_Problem details:_
Once the line containing "a kitchen with" is found in the listing below, return it and each line after it through the last, exactly as given.

Exercise data below:

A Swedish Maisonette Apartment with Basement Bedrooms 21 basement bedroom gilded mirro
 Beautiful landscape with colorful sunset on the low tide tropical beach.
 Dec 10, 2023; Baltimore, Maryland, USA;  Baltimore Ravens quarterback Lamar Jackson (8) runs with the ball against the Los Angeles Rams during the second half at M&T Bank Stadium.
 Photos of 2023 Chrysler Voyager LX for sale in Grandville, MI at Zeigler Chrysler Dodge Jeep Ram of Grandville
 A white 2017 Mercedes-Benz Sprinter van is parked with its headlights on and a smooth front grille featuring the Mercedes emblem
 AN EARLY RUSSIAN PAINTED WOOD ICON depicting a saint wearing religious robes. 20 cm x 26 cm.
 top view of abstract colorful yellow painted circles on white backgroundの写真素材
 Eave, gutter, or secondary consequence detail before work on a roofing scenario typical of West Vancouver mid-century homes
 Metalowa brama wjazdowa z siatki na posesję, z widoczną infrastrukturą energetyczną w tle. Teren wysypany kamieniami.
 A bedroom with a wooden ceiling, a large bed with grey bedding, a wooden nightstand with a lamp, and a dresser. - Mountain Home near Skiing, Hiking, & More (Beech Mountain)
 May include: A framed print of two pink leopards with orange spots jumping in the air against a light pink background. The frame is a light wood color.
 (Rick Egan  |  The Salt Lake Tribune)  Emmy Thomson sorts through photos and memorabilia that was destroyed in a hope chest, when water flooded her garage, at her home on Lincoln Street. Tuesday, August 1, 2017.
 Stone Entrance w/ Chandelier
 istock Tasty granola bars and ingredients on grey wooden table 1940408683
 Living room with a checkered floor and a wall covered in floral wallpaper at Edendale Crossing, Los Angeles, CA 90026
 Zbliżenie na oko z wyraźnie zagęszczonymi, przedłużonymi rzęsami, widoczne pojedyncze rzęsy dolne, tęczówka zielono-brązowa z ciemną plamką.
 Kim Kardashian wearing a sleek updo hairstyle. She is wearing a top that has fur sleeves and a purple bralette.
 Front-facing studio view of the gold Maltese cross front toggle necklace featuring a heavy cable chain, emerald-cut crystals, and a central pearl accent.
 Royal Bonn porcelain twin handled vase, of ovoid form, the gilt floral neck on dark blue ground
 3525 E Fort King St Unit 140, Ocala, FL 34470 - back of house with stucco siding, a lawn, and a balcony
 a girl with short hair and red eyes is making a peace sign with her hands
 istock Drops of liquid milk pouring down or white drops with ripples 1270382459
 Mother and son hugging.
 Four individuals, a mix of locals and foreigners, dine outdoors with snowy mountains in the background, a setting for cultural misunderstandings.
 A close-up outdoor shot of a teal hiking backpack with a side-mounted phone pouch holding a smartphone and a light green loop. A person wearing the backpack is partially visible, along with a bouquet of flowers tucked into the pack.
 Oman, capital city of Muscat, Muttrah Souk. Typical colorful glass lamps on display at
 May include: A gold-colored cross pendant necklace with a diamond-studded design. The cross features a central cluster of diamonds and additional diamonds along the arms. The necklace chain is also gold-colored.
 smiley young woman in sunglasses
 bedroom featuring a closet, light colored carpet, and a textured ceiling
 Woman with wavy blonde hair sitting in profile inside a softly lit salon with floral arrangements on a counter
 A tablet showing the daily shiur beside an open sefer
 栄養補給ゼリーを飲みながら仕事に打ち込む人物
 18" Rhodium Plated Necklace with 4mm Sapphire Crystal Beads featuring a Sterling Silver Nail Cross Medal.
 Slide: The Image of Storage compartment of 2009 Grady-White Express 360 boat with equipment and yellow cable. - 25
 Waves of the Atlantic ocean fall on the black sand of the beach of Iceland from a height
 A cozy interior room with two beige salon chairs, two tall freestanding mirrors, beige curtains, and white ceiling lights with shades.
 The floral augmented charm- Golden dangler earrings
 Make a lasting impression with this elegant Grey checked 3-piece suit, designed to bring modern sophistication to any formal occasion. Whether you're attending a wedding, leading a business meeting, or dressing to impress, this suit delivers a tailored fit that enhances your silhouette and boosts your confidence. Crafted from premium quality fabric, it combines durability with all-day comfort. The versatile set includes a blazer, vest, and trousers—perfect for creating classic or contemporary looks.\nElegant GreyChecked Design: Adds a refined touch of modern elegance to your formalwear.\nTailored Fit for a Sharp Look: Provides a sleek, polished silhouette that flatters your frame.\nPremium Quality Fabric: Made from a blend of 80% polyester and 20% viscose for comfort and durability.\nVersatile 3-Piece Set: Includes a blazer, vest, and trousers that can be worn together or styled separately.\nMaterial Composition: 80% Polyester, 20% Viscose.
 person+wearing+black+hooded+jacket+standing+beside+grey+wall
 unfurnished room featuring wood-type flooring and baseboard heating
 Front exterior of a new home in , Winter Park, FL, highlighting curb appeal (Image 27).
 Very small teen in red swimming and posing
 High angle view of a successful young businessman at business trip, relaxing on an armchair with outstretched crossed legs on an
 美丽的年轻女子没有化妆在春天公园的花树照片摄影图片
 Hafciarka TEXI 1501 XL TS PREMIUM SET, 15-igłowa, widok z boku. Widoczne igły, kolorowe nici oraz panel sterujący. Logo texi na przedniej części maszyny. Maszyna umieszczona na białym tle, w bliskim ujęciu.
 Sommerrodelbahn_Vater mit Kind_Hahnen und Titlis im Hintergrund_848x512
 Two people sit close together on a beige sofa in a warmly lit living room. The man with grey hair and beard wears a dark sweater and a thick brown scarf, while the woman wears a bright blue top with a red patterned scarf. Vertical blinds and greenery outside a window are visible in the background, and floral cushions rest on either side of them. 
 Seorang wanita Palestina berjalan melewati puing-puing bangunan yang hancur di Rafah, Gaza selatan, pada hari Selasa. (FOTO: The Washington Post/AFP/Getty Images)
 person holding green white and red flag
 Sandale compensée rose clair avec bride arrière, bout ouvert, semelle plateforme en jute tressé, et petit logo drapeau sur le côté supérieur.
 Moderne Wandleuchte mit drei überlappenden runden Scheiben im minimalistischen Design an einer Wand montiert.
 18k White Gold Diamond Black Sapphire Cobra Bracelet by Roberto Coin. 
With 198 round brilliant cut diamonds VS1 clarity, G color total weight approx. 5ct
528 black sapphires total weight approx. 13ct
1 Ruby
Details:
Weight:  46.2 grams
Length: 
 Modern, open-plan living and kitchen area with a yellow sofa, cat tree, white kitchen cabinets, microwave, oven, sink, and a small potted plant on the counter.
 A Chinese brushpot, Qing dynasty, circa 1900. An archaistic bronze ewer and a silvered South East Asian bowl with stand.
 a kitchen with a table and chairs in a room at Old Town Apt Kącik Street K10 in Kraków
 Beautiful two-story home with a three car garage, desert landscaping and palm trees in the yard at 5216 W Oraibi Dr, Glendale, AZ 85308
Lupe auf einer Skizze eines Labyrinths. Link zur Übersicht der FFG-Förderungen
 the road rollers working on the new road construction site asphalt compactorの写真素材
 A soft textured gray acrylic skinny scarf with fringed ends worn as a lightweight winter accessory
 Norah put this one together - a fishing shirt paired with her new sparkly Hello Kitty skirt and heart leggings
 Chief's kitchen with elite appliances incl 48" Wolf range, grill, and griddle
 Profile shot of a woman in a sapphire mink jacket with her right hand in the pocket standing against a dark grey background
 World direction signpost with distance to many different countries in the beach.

End of Exercise data.

_Reply:_
 a kitchen with a table and chairs in a room at Old Town Apt Kącik Street K10 in Kraków
 Beautiful two-story home with a three car garage, desert landscaping and palm trees in the yard at 5216 W Oraibi Dr, Glendale, AZ 85308
Lupe auf einer Skizze eines Labyrinths. Link zur Übersicht der FFG-Förderungen
 the road rollers working on the new road construction site asphalt compactorの写真素材
 A soft textured gray acrylic skinny scarf with fringed ends worn as a lightweight winter accessory
 Norah put this one together - a fishing shirt paired with her new sparkly Hello Kitty skirt and heart leggings
 Chief's kitchen with elite appliances incl 48" Wolf range, grill, and griddle
 Profile shot of a woman in a sapphire mink jacket with her right hand in the pocket standing against a dark grey background
 World direction signpost with distance to many different countries in the beach.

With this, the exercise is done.